Assigned task:
This exercise calls for the line with "LR yellow lab puppy in snow Golf Head Cover", the line with "Purple Punch growlog timeline photo", and all lines between them in the material below, output exactly and with no other lines.

Given entries:
------------------------------------------------

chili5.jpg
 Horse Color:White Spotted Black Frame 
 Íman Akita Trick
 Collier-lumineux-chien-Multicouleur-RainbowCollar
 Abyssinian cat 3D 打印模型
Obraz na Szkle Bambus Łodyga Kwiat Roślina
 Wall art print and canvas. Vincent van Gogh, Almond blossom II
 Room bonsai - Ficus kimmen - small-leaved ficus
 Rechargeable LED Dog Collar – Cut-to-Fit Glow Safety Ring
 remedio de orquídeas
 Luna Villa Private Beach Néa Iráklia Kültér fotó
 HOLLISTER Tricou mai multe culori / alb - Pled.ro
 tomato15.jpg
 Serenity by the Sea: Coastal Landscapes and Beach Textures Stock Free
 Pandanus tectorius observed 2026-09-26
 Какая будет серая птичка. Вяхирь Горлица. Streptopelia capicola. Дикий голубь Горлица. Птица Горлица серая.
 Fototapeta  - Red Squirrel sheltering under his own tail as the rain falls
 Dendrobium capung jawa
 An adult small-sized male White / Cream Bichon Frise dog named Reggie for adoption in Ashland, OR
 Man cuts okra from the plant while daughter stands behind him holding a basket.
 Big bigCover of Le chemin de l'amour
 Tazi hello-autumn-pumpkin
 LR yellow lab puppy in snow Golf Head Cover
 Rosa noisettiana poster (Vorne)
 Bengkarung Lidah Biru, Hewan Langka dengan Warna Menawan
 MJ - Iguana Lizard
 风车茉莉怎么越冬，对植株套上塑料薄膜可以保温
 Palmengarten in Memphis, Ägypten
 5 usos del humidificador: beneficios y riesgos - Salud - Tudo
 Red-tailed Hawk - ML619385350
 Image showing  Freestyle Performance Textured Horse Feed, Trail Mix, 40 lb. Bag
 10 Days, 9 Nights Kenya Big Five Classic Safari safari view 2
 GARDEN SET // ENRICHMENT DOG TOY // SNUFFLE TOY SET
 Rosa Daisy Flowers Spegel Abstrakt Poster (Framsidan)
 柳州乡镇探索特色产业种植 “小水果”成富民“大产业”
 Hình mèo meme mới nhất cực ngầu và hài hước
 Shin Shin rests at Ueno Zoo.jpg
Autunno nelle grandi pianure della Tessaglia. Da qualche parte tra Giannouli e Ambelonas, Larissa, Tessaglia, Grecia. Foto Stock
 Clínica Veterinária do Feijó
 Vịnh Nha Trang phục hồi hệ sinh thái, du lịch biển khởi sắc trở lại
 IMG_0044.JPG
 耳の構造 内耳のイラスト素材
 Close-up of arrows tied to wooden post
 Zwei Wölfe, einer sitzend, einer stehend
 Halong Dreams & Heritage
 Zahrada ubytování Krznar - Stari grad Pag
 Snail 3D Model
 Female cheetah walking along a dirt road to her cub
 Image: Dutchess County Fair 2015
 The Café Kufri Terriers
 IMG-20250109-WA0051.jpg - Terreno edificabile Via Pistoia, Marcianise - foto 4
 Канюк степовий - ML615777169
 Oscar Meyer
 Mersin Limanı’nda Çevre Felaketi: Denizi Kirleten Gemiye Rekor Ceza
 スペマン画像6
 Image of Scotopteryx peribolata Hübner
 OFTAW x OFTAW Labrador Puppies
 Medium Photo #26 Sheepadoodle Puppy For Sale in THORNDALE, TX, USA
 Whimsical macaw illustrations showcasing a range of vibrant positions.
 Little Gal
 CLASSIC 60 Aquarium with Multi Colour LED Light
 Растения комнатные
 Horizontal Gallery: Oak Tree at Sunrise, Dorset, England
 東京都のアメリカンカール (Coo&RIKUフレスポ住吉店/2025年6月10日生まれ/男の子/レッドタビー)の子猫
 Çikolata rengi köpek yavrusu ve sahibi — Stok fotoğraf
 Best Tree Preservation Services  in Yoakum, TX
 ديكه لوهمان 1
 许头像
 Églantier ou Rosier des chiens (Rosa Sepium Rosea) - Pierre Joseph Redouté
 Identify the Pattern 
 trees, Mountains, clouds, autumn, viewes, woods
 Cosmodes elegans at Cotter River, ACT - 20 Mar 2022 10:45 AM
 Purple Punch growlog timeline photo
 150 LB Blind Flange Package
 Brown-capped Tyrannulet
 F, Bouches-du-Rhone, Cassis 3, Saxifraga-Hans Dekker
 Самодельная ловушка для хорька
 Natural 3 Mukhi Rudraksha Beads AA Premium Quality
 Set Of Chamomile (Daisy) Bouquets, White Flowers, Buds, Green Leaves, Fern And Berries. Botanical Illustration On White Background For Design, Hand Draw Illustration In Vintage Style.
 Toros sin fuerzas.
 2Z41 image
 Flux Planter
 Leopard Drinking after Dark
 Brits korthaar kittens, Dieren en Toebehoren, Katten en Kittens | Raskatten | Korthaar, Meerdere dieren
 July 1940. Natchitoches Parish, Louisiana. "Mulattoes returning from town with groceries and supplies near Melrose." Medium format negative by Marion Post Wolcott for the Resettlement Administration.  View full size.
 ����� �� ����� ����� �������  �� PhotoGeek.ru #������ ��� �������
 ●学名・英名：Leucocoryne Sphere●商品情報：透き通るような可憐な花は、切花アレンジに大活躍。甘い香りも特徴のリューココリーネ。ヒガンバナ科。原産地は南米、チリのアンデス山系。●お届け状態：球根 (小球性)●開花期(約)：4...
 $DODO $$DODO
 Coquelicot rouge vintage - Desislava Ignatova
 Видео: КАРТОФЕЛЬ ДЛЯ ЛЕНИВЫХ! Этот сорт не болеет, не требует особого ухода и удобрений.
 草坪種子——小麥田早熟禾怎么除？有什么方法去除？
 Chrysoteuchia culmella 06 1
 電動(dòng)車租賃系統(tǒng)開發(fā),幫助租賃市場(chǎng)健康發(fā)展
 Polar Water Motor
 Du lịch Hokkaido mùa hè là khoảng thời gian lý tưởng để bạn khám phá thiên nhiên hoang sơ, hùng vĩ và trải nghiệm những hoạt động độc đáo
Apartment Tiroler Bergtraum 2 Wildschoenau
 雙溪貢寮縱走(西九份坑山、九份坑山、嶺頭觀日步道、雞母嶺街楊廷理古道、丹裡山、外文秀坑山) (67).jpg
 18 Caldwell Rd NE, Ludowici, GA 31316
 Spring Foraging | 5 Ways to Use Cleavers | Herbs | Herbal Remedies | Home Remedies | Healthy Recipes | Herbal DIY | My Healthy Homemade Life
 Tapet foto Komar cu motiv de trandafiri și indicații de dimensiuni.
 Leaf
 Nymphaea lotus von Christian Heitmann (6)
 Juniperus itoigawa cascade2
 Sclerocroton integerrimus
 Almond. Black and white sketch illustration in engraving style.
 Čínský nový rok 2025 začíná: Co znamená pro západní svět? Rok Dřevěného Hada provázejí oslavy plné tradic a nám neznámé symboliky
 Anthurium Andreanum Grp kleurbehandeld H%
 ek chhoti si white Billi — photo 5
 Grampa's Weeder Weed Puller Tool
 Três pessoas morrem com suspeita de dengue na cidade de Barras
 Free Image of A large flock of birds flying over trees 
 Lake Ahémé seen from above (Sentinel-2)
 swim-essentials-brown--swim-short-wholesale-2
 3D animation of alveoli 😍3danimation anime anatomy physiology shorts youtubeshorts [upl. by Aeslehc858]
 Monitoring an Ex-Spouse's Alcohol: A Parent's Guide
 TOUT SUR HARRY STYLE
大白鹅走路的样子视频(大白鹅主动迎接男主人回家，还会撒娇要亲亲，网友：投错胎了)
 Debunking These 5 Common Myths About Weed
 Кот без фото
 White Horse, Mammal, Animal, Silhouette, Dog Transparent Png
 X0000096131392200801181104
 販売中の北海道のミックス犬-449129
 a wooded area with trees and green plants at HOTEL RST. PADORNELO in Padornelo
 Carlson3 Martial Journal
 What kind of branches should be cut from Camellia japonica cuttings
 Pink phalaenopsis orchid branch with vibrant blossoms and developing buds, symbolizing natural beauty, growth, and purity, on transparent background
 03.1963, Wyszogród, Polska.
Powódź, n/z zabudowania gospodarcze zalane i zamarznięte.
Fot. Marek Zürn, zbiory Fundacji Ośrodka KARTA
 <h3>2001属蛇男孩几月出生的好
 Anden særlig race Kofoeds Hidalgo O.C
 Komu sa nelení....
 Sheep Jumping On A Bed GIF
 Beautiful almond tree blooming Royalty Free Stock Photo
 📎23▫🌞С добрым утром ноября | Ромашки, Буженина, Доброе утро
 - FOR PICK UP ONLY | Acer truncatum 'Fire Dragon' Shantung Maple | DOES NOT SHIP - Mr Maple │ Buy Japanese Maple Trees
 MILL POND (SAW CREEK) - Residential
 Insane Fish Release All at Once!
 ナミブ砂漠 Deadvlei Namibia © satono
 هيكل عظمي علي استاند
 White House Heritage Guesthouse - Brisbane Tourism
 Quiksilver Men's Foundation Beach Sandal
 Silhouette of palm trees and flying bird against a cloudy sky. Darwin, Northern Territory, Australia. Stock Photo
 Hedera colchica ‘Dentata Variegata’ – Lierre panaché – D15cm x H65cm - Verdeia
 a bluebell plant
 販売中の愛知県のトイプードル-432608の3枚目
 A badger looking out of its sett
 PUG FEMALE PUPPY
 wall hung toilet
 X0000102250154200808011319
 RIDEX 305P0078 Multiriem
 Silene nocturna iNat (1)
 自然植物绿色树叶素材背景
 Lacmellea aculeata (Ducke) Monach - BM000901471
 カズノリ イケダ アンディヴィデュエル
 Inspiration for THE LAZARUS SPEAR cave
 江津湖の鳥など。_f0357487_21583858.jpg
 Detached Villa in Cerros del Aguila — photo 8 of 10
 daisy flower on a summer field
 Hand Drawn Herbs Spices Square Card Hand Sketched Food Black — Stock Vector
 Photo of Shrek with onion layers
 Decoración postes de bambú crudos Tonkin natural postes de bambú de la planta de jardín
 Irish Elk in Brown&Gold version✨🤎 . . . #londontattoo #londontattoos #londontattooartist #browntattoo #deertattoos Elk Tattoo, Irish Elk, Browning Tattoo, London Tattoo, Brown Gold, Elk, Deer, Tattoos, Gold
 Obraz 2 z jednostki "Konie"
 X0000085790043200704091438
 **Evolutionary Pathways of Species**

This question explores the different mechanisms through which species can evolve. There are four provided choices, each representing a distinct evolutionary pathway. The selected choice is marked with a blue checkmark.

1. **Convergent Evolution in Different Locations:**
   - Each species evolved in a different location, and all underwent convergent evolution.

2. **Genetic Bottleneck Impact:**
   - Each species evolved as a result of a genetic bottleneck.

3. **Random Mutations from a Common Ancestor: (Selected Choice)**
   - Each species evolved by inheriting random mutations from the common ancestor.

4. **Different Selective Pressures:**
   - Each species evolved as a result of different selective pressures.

------------------------------------------------

Reply to the exercise:
 LR yellow lab puppy in snow Golf Head Cover
 Rosa noisettiana poster (Vorne)
 Bengkarung Lidah Biru, Hewan Langka dengan Warna Menawan
 MJ - Iguana Lizard
 风车茉莉怎么越冬，对植株套上塑料薄膜可以保温
 Palmengarten in Memphis, Ägypten
 5 usos del humidificador: beneficios y riesgos - Salud - Tudo
 Red-tailed Hawk - ML619385350
 Image showing  Freestyle Performance Textured Horse Feed, Trail Mix, 40 lb. Bag
 10 Days, 9 Nights Kenya Big Five Classic Safari safari view 2
 GARDEN SET // ENRICHMENT DOG TOY // SNUFFLE TOY SET
 Rosa Daisy Flowers Spegel Abstrakt Poster (Framsidan)
 柳州乡镇探索特色产业种植 “小水果”成富民“大产业”
 Hình mèo meme mới nhất cực ngầu và hài hước
 Shin Shin rests at Ueno Zoo.jpg
Autunno nelle grandi pianure della Tessaglia. Da qualche parte tra Giannouli e Ambelonas, Larissa, Tessaglia, Grecia. Foto Stock
 Clínica Veterinária do Feijó
 Vịnh Nha Trang phục hồi hệ sinh thái, du lịch biển khởi sắc trở lại
 IMG_0044.JPG
 耳の構造 内耳のイラスト素材
 Close-up of arrows tied to wooden post
 Zwei Wölfe, einer sitzend, einer stehend
 Halong Dreams & Heritage
 Zahrada ubytování Krznar - Stari grad Pag
 Snail 3D Model
 Female cheetah walking along a dirt road to her cub
 Image: Dutchess County Fair 2015
 The Café Kufri Terriers
 IMG-20250109-WA0051.jpg - Terreno edificabile Via Pistoia, Marcianise - foto 4
 Канюк степовий - ML615777169
 Oscar Meyer
 Mersin Limanı’nda Çevre Felaketi: Denizi Kirleten Gemiye Rekor Ceza
 スペマン画像6
 Image of Scotopteryx peribolata Hübner
 OFTAW x OFTAW Labrador Puppies
 Medium Photo #26 Sheepadoodle Puppy For Sale in THORNDALE, TX, USA
 Whimsical macaw illustrations showcasing a range of vibrant positions.
 Little Gal
 CLASSIC 60 Aquarium with Multi Colour LED Light
 Растения комнатные
 Horizontal Gallery: Oak Tree at Sunrise, Dorset, England
 東京都のアメリカンカール (Coo&RIKUフレスポ住吉店/2025年6月10日生まれ/男の子/レッドタビー)の子猫
 Çikolata rengi köpek yavrusu ve sahibi — Stok fotoğraf
 Best Tree Preservation Services  in Yoakum, TX
 ديكه لوهمان 1
 许头像
 Églantier ou Rosier des chiens (Rosa Sepium Rosea) - Pierre Joseph Redouté
 Identify the Pattern 
 trees, Mountains, clouds, autumn, viewes, woods
 Cosmodes elegans at Cotter River, ACT - 20 Mar 2022 10:45 AM
 Purple Punch growlog timeline photo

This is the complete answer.